Not until Wolfgang Plath studied the handwriting in the autograph scores did we realize quite how much of the early works was written down (or edited? or half-composed?) by Mozart’s father, Leopold. Much is made of Mozart’s admission to the famous Accademia Filarmonica in Bologna when he was 14, but the documents that survive show that his entrance composition was heavily corrected.

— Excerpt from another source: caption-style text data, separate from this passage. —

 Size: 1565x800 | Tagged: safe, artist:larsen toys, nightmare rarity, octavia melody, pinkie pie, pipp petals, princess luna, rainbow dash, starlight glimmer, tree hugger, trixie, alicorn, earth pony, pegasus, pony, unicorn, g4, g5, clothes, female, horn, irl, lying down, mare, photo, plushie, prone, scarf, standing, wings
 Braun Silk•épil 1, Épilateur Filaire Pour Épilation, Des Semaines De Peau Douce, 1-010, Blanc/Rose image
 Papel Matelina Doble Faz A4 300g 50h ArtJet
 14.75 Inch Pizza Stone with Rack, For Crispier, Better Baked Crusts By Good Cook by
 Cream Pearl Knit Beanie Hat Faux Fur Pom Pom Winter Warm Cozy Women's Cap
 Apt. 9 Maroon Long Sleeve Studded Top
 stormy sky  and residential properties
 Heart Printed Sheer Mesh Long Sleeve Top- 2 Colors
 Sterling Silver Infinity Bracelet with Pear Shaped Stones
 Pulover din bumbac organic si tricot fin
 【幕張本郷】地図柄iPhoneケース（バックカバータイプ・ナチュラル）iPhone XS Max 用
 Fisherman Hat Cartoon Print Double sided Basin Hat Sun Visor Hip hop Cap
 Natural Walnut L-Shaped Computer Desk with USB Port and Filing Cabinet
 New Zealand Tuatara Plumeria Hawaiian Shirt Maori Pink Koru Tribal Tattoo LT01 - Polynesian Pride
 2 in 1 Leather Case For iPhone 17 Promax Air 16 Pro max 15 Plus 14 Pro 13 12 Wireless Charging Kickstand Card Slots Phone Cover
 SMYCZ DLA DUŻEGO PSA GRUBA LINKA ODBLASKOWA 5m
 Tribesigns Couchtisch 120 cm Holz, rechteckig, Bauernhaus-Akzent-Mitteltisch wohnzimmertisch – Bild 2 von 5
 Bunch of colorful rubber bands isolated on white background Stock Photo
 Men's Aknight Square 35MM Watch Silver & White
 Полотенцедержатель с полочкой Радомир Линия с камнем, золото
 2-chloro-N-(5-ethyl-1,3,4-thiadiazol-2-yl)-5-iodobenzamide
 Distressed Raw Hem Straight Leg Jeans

Mozart himself claimed that his music arose not by divine inspiration, but through hard work and study. Kenyon further claims that Mozart was not as good a composer at 15 as Mendelssohn would later be, and he’s right: I have yet to find any music Wolfgang wrote before age 19 that I felt I needed to hear again. The Mozart myth, I’ve always felt, was 1. a condescending image created by his father, and 2. a distant, divine image intended to make all future composers feel inferior, and to reinforce a public feeling that musical genius is something distant and fated, not something we should ever expect to meet up with on a daily basis.

But ultimately even Kenyon can’t resist perpetuating the myth. He ends his article:

[A]s we approach the next anniversary period, 2006 to 2041, there is no sign that Mozart has lost his relevance among composers. He still matches with uncanny precision the temper of our troubled times: our emotional uncertainty, our ability to perceive serenity fleetingly but never to attain it.

Does this sound right to you? Is there something about living in the age of iPods, terrorism, and corporate dictatorship that makes Mozart now more relevant than ever? Does Don Giovanni embody a cautionary tale that young people of the 21st century need to hear? Does The Magic Flute provide insight into Republican deceptiveness? Does Mozart’s music contain anything that we, today, would understand as emotional uncertainty, the troubled temper of our times, or the fleeting quality of serenity? Or do our classical mavens just feel an overwhelming need to reinforce the status quo, by recentering our musical life on a distant figure with whose music we have pretty much lost any capacity for real intellectual and emotional engagement? Isn’t the real significance of Mozart’s music today that his is the easiest for the classical music industry to turn into a commodity and sell?